Monday, Dec. 09, 1957
The Canker of Comedy
COLOR OF DARKNESS (175 pp.)--James Purdy--New Directions ($3.50).
In the title piece of this strange short-story collection, an emotionally disturbed child kicks his father in the groin. In Don't Call Me by My Right Name a man and wife take turns beating each other up. In Plan Now to Attend a hypocritical evangelist gets blind drunk in midmorning. In Sound of Talking a crippled husband makes his wife share his suffering. Almost all the women characters are fat and fortyish; almost all the men are shamed and unhappy. The poor are most often feebleminded, the rich vicious.
Horror Beneath Humor. These summaries help explain why publisher after publisher turned down Author Purdy's collection of short stories. Privately printed last year by two of his friends, the stories found few readers but avid ones. Poets Marianne Moore and Dame Edith Sitwell praised them. Aging (77) Novelist Carl Van Vechten was so impressed that he presented a collection of James Purdy's papers to the Yale library. After British publication last summer, a moderately daring U.S. firm, New Directions, finally took on the Purdy product. On the whole it was worth it.
The best humorous writing turns on a man's well-intentioned efforts to accomplish something--from assembling a do-it-yourself barbecue pit to catching a taxi in a downpour--and the fun lies in his frustration. Purdy uses much the same theme, but his purpose is to reveal the horror underlying the humor. The father who gets kicked in the groin has been trying to make up to his small son for his orphaned state. The husband and wife who belabor each other seem right off the burlesque stage, but the story's aim is to expose the canker that lies at the heart of comedy. Ohio-born James Purdy, 34, writes in a manner that is all his own, using a prose at once precise and clumsy, almost as if he had learned English well but late in life. People "grunt" out entire sentences, voices "darken" at listeners, metaphors sometimes reach too far and fall into absurdity.
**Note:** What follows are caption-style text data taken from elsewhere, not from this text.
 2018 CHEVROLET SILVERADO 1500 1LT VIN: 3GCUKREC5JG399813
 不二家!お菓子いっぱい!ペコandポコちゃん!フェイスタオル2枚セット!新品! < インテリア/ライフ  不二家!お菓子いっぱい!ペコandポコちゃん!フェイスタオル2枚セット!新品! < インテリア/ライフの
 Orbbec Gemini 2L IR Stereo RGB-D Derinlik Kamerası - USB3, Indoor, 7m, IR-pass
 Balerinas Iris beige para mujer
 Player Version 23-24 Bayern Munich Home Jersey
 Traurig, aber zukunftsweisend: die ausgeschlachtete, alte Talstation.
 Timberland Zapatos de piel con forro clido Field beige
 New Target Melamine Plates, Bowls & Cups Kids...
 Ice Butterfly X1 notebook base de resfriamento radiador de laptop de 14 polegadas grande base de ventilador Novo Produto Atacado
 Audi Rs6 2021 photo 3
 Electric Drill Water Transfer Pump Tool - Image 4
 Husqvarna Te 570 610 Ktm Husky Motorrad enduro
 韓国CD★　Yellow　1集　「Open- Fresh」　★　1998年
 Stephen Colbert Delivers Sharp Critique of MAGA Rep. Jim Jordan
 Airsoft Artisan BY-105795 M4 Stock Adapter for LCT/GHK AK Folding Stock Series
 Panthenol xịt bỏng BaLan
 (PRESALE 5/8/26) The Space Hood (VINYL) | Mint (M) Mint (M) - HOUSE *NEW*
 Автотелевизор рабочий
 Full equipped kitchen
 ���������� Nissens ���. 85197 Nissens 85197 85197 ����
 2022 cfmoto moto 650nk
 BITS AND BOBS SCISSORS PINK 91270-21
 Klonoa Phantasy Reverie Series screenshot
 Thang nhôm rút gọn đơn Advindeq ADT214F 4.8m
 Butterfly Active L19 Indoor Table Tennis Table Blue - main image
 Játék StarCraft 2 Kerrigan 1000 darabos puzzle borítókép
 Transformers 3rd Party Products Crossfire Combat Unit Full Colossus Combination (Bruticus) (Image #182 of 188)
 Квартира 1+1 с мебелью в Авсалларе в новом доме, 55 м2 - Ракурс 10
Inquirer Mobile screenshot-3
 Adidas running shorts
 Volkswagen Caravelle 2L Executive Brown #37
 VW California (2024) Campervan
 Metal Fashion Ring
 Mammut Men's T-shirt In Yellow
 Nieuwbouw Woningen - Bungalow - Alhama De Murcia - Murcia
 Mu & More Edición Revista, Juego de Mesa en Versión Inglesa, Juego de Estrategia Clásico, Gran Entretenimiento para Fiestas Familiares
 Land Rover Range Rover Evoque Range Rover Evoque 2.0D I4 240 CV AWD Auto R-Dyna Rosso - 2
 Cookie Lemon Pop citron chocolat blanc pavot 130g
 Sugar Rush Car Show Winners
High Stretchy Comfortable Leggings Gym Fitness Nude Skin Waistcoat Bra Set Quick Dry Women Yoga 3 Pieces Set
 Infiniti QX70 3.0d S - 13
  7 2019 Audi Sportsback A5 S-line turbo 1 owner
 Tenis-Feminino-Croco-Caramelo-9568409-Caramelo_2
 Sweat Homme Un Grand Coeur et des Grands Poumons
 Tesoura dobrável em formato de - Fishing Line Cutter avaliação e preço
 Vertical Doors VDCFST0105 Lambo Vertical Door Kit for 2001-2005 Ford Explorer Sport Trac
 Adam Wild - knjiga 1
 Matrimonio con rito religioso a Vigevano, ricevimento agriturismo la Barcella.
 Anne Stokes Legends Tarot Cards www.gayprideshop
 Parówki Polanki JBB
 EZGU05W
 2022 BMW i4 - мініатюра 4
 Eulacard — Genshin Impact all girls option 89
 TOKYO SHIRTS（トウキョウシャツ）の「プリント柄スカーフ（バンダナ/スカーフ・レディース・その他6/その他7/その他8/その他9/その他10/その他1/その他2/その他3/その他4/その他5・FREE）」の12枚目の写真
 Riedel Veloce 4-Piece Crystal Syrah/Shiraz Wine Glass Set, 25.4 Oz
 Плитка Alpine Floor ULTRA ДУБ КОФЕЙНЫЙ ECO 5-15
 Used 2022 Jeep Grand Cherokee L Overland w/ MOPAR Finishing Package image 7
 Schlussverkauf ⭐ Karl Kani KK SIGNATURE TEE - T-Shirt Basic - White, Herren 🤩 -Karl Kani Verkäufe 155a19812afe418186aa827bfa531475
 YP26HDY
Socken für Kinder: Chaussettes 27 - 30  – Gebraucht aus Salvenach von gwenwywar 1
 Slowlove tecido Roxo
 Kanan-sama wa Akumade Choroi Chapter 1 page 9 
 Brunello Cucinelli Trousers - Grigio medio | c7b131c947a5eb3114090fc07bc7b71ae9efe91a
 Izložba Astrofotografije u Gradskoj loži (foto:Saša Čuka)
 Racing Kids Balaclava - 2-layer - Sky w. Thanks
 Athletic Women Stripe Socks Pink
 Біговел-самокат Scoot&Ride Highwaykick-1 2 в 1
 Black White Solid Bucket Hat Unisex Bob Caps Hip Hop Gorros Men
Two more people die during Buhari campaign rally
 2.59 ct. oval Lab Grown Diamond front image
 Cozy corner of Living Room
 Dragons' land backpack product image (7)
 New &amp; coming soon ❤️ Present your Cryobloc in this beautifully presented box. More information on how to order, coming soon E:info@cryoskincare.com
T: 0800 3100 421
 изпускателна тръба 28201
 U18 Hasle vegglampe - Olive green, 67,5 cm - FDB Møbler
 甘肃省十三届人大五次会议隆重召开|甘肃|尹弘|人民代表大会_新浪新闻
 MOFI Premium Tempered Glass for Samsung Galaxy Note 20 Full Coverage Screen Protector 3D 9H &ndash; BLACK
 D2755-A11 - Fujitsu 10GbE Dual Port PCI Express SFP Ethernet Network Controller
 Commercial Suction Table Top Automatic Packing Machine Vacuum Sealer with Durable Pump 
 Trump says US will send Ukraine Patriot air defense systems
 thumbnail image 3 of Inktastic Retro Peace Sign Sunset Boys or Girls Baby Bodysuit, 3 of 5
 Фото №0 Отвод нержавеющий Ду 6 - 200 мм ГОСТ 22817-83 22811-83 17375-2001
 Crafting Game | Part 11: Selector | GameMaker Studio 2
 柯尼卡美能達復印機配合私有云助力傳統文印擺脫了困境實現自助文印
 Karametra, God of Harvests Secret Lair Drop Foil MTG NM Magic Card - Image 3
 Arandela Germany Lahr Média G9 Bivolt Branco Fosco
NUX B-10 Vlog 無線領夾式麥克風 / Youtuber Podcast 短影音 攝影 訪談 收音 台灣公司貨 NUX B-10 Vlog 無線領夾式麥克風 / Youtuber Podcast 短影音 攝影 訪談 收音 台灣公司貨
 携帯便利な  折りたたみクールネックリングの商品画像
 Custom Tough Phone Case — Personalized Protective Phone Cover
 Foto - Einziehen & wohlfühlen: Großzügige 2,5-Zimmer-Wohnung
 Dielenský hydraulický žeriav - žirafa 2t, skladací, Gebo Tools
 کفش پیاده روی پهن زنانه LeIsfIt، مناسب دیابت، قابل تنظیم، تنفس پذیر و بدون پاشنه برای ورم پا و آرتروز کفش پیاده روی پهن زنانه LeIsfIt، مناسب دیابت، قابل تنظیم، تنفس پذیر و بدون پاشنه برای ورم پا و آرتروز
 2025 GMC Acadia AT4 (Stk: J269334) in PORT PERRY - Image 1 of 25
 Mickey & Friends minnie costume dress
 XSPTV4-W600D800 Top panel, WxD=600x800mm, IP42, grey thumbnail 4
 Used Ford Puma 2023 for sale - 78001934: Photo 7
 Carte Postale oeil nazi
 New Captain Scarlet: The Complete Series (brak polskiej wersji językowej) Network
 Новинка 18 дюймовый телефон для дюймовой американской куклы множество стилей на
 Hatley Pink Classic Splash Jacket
Desolation of the Soul. In his most ambitious story, 63: Dream Palace, he tells of two young hillbillies from West Virginia who come to bad ends in Chicago, and of their only mourners, a writer improbably named Parkhearst Cratty and a wealthy matron most commonly called "greatwoman." Again the theme is one that could be comic--the adventures of a yokel in a big city. Again, the working out is pure terror, with murder of the body and desolation of the soul at the end. Author Purdy dislikes to be considered morbid and argues that "despair in art shows concern." All his stories are grotesque, but caught in them, like the tremble of a bird in cupped hands, is the undeniable flutter of life.